We can see that for $f(x) = e^x - x - 1$, we have a root at $x = 0$: $f(0) = e^0 - 0 - 1 = 1-1 = 0$.

We can also see that $f'(0) = e^x - 1\rvert_{x=0} = e^0 - 1 = 1-1 = 0$, so $x=0$ is also a minimum, and as $f''(x) = e^x$ is everywhere-positive, $x=0$ is a global minimum.

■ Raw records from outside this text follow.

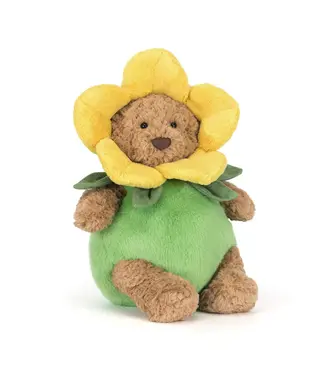 Jellycat Bartholomew Bear Daffodil Outfit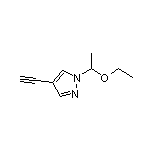 1-(1-Ethoxyethyl)-4-ethynyl-1H-pyrazole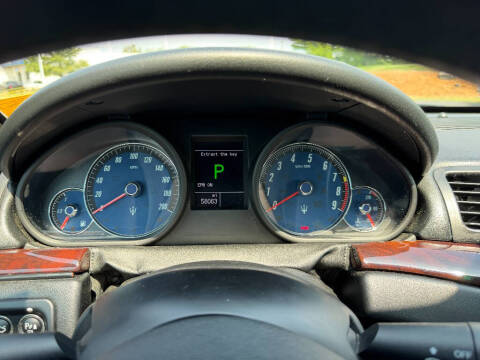 2009 Maserati GranTurismo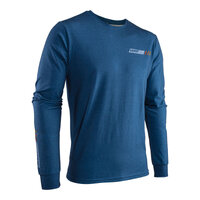 Leatt Core MX Long Sleeve Shirt - Denim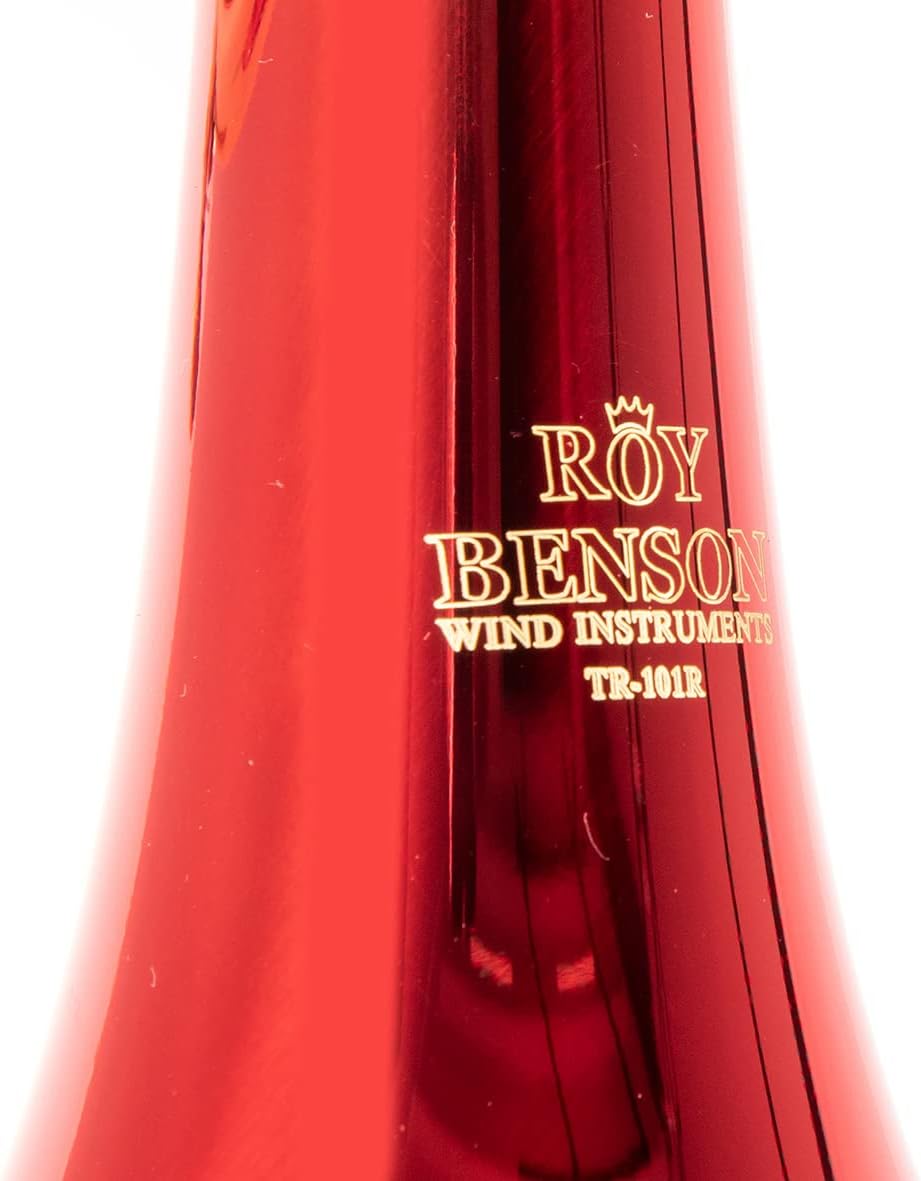 Roy Benson Bb Trompete MOD.TR-101R rot lack., inkl. Etui, TR-101R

Thus, $x = 0$ is the only root of $f(x)$.

In Other Contexts

In other contexts, we can indeed have $\exp(x) = 1 + x$ for nonzero $x$:

Dual Numbers

The dual numbers are a hypercomplex number system $\mathbb{R}[\varepsilon]$, where $\varepsilon \neq 0$ is a unit such that by definition $\varepsilon^2 := 0$. A dual number is a number $a + b\varepsilon$, with real part $a$ and dual part $b$. It is plain to see that in the dual numbers, for any $x = b\varepsilon$, we have

$$\exp(x) = \exp(b\varepsilon) = \sum_{n = 0}^\infty{\frac{(b\varepsilon)^n}{n!}} = 1 + b\varepsilon + (b\varepsilon)^2 \sum_{n = 2}^\infty{\frac{(b\varepsilon)^{n - 2}}{n!}} = 1 + b\varepsilon = 1 + x\text{ .}$$

$\varepsilon$ may be thought of as an infinitesimal, and in that case you could say that for all points $x$ infinitesimally close to $0$, we have $\exp(x) = 1 + x$.

Square Matrices

For a nilsquare $n \times n$ matrix $\mathbf{X}$ (i.e. a matrix such that $\mathbf{X}^2 = \mathbf{0}_n$), we have

$$\exp(\mathbf{X}) = \sum_{n = 0}^\infty{\frac{\mathbf{X}^n}{n!}} = \mathbf{I}_n + \mathbf{X} + \mathbf{X}^2 \sum_{n = 2}^\infty{\frac{\mathbf{X}^{n - 2}}{n!}} = \mathbf{I}_n + \mathbf{X}\text{ .}$$ In fact, this is a generalization of the case of the dual numbers, as the dual numbers are isomorphic to a certain ring of $2 \times 2$ matrices; $\mathbb{R}[\varepsilon] \cong \left\langle \mathbf{I}_2, \mathbf{E}\right\rangle$, where $$\mathbf{I}_2 = \begin{bmatrix}1 &0\\ 0 &1 \end{bmatrix}, \qquad \mathbf{E} = \begin{bmatrix}0 &1\\ 0 &0\end{bmatrix}\text{ ,}$$ under the isomorphism $\varphi \colon a + b \varepsilon \mapsto a\mathbf{I}_2 + b \mathbf{E}$.

Rings

In fact, this is true for any ring $R$. For any nilsquare element $a \in R$, i.e. any element such that $a^2 = 0$, we have $$\exp(a) = \sum_{n = 0}^\infty{\frac{(a)^n}{n!}} = 1 + a + a^2 \sum_{n = 2}^\infty{\frac{a^{n - 2}}{n!}} = 1 + a\text{ .}$$ This generalizes the matrix result, as $M_n(\mathbb{K})$ is a ring. We can see that over any ring, $x = 0$ satisfies $\exp(x) = 1 + x$, as definitionally zero is nilsquare.